The catalogue of Sweden 's largest film event, which was presented today by programme director Jannike Ahlund, includes about 700 screenings of films from 65 countries, adding seminars and the Nordic Film Market.
Adding to the traditional sections such as Swedish Images - the entire group of
2006 film productions from Sweden - Masters-Old and New, Critics' Week, First Cut (debuts), It's All True (documentaries), Ahlund will this year focus on projects from Vietnam and the former Yugoslavia.
Viewing Vietnam comprises seven films, such as the works of Tranh Anh Hung and the Vietnamese submission for the Oscars, Ngo Quang Hai's Pao's Story. Under Construction unspools 13 movies from Bosnia, Serbia and Croatia; Serbian director Goran Paskaljevic will attend to present three of his features.
The 2006 retrospective is a list of 'greatest hits' from the past 30 years, some of them introduced by their directors: Swedish director Jan Troell, Iranian director Jafar Panahi, Georgian director Otar Iosseliani and Polish director Agnieszka Holland. Troell and Iosseliani have also new films in the programme.

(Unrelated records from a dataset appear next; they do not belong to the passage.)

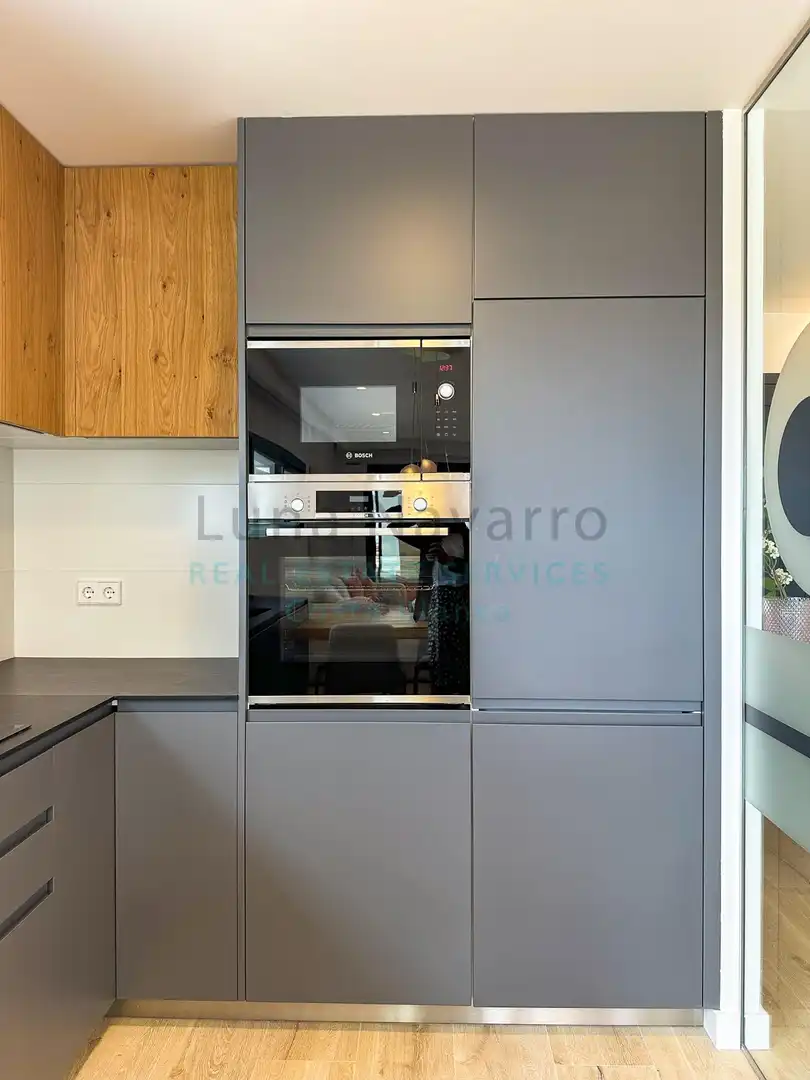 Apartamento en venta en Cumbre del Sol, Cumbre del Sol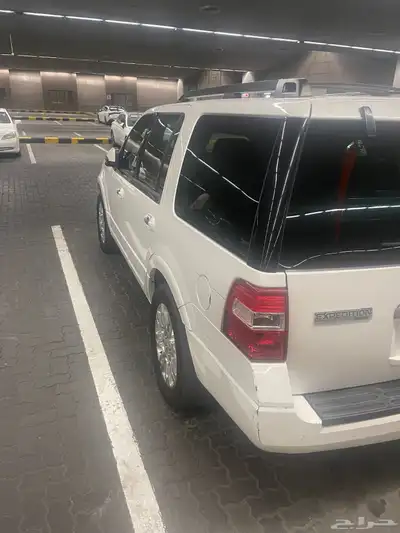 فورد اكسبديشن لميتد مالك اول وارد توكيلات الجزيره index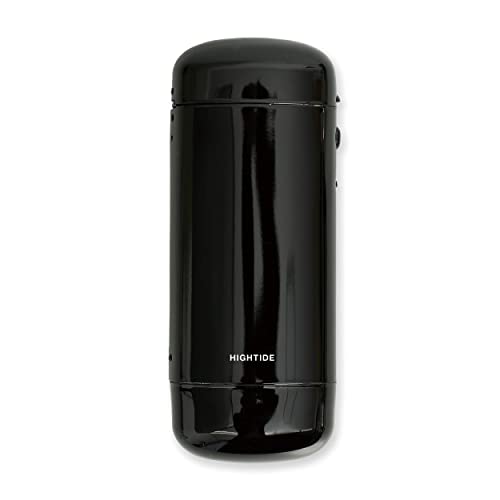 [HIGHTIDE] �X�`�[�����K�l�P�[�X �u���b�N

Eight first films will compete for the International Ingmar Bergman Debut Award; the Iraq Short Film Festival's Nizar al Rawi and Mohamed Al Daradji will host two seminars about the current film situation; UK director Joanna Quinn will hold as master class and screen a selection of her animation work.

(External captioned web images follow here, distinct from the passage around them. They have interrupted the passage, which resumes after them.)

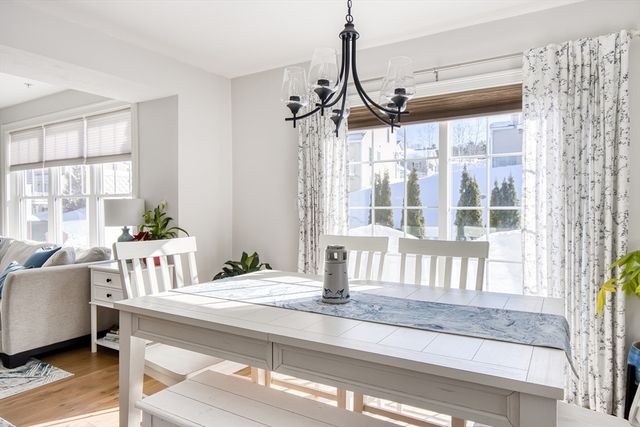 1401 Kenwood Way 1401, Clinton, MA 01510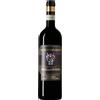 Ciacci Piccolomini d'Aragona Santa Caterina d'Oro Vigna di Pianrosso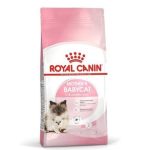 Royal Canin Mother & Babycat Dry Food – 2 kg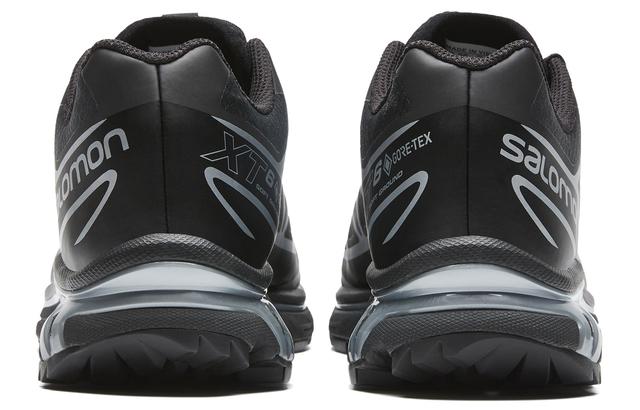 SALOMON XT-6 GTX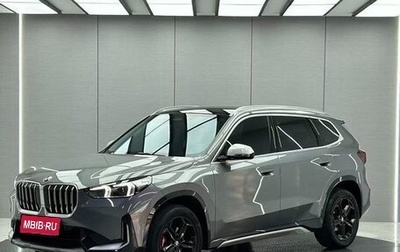 BMW X1, 2022 год, 3 000 000 рублей, 1 фотография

Finnish director Klaus Haro, whose Mother of Mine bagged several international awards, will supply the festival's opening film, The New Man, which is set in 1950s Sweden and deals with forced sterilisation.
Starring Julia Hogberg and Maria Lundquist, the Swedish-Finnish co-production also launches the competition for the Nordic Film Prize, this year with another seven entries: Danish directors Peter Schønau Fog's The Art of Crying and Ole Christian Madsen's Prague, Finnish director Juha Koiranen's Rock'n'Roll Never Dies (which is also in the Tiger competition in Rotterdam), Icelandic director Ragnar Bragason's Parents, Norwegian director Jens Lien's The Bothersome Man, Swedish directors Johan Kling's Darling and Nanna Huolman's Kid svensk.
Out of competition the festival will host several Swedish world premieres, including actress Helena Bergstrom's directorial debut, Mind the Gap, Maria Blom's Fishy, and two local productions by Danish director Hella Joof (BitterSweatHeart) and Norwegian director Petter Næss (Leap and Bounds), closing the showcase. Eight local shorts will contend for the $142,000 (Euros 109,000) Goteborg Short Film Award.